#### [PROBLEM TO SOLVE]
Using the records below, copy every line that holds the string "Front".

#### [INPUT DATA]
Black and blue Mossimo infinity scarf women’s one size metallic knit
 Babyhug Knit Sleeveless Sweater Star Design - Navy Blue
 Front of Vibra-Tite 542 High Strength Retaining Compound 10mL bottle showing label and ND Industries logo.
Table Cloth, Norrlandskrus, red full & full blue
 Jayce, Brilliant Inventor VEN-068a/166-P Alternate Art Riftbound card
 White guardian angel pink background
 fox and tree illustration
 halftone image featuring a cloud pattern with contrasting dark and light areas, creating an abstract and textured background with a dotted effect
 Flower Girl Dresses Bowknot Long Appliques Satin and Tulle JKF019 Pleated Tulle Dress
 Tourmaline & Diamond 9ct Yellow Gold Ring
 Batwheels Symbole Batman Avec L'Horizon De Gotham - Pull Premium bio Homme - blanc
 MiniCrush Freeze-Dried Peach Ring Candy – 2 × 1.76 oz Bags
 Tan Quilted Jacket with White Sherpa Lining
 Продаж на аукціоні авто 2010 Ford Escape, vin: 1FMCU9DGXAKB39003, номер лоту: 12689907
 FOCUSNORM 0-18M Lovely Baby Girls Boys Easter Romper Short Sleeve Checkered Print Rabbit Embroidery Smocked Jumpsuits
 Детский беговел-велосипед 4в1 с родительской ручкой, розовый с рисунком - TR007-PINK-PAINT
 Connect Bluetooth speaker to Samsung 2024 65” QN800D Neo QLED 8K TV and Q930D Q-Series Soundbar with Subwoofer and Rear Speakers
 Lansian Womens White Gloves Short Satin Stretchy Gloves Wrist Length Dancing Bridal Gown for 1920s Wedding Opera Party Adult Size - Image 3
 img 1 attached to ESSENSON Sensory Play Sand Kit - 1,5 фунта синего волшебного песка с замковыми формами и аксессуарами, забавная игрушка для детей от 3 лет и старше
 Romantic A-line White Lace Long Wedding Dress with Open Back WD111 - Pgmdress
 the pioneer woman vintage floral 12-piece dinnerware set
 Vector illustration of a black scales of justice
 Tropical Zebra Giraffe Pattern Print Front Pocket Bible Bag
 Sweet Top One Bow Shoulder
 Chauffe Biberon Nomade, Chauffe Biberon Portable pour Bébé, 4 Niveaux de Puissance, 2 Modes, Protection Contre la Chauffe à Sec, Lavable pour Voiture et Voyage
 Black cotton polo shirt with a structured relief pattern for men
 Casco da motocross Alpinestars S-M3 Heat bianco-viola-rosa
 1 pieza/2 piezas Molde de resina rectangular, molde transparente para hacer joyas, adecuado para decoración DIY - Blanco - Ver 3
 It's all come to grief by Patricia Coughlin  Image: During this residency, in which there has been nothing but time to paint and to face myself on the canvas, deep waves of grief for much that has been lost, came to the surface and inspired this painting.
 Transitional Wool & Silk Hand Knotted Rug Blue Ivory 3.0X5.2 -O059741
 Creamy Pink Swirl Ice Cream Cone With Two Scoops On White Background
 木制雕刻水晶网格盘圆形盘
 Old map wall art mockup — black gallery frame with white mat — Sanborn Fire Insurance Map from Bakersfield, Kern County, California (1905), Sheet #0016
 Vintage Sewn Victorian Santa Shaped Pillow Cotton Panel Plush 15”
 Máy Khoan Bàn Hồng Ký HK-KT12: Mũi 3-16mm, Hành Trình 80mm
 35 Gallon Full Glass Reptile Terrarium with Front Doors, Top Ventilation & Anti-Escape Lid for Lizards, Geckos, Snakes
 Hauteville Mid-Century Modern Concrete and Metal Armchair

#### [SOLUTION FOR THIS TASK]
 Front of Vibra-Tite 542 High Strength Retaining Compound 10mL bottle showing label and ND Industries logo.
 Tropical Zebra Giraffe Pattern Print Front Pocket Bible Bag
 35 Gallon Full Glass Reptile Terrarium with Front Doors, Top Ventilation & Anti-Escape Lid for Lizards, Geckos, Snakes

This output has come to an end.